This week, statistics-driven political forecasting won a big slab of public vindication after the U.S. election predictions of an array of number-crunching analysts turned out to be remarkably accurate. As John Sides said over at the Monkey Cage, “2012 was the Moneyball election.” The accuracy of these forecasts, some of them made many months before Election Day,
…shows us that we can use systematic data—economic data, polling data—to separate momentum from no-mentum, to dispense with the gaseous emanations of pundits’ “guts,” and ultimately to forecast the winner. The means and methods of political science, social science, and statistics, including polls, are not perfect, and Nate Silver is not our “algorithmic overlord” (a point I don’t think he would disagree with). But 2012 has showed how useful and necessary these tools are for understanding how politics and elections work.
Now I’ve got a short piece up at Foreign Policy explaining why I think statistical forecasts of world politics aren’t at the same level and probably won’t be very soon. I hope you’ll read the whole thing over there, but the short version is: it’s the data. If U.S. electoral politics is a data hothouse, most of international politics is a data desert. Statistical models make very powerful forecasting tools, but they can’t run on thin air, and the density and quality of the data available for political forecasting drops off precipitously as you move away from U.S. elections.
Seriously: you don’t have to travel far in the data landscape to start running into trouble. In a piece posted yesterday, Stephen Tall asks rhetorically why there isn’t a British Nate Silver and then explains that it’s because “we [in the U.K.] don’t have the necessary quality of polls.” And that’s the U.K., for crying out loud. Now imagine how things look in, say, Ghana or Sierra Leone, both of which are holding their own national elections this month.
Of course, difficult does not mean impossible. I’m a bit worried, actually, that some readers of that Foreign Policy piece will hear me saying that most political forecasting is still stuck in the Dark Ages, when that’s really not what I meant.
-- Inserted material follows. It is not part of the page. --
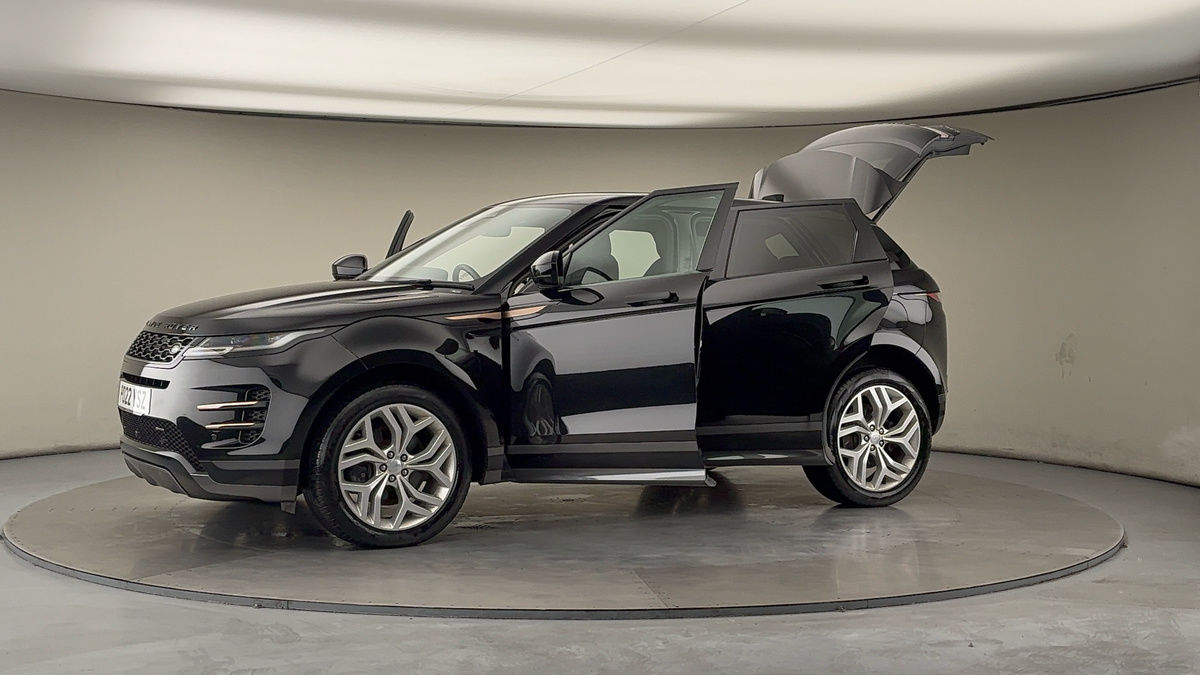 Used Land Rover Range Rover Evoque 2022 for sale - 76821432: Photo 48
I think we actually do pretty well with statistical forecasting on many interesting problems in spite of the dearth of data, as evidenced by the predictive efforts of colleagues like Mike Ward and Phil Schrodt and some of the work I’ve posted here on things like coups and popular uprisings.
I’m also optimistic that the global spread of digital connectivity and associated developments in information-processing hardware and software are going to help fill some of those data gaps in ways that will substantially improve our ability to forecast many political events. I haven’t seen any big successes along those lines yet, but the changes in the enabling technologies are pretty radical, so it’s plausible that the gains in data quality and forecasting power will happen in big leaps, too.
Meanwhile, while we wait for those leaps to happen, there are some alternatives to statistical models that can help fill some of the gaps. Based partly on my own experiences and partly on my read of relevant evidence (see here, here, and here for a few tidbits), I’m now convinced that prediction markets and other carefully designed systems for aggregating judgments can produce solid forecasts. These tools are most useful in situations where the outcome isn’t highly predictable but relevant information is available to those who dig for it. They’re somewhat less useful for forecasting the outcomes of decision processes that are idiosyncratic and opaque, like North Korean government or even the U.S. Supreme Court. There’s no reason to let the perfect be the enemy of the good, but we should use these tools with full awareness of their limitations as well as their strengths.
More generally, though, I remain convinced that, when trying to forecast political events around the world, there’s a complexity problem we will never overcome no matter how many terabytes of data we produce and consume, how fast our processors run, and how sophisticated our methods become. Many of the events that observers of international politics care about are what Nassim Nicholas Taleb calls “gray swans”—“rare and consequential, but somewhat predictable, particularly to those who are prepared for them and have the tools to understand them.”
These events are hard to foresee because they bubble up from a complex adaptive system that’s constantly evolving underfoot. The patterns we think we discern in one time and place can’t always be generalized to others, and the farther into the future we try to peer, the thinner those strands get stretched. Events like these “are somewhat tractable scientifically,” as Taleb puts it, but we should never expect to predict their arrival the way we can foresee the outcomes of more orderly processes like U.S. elections.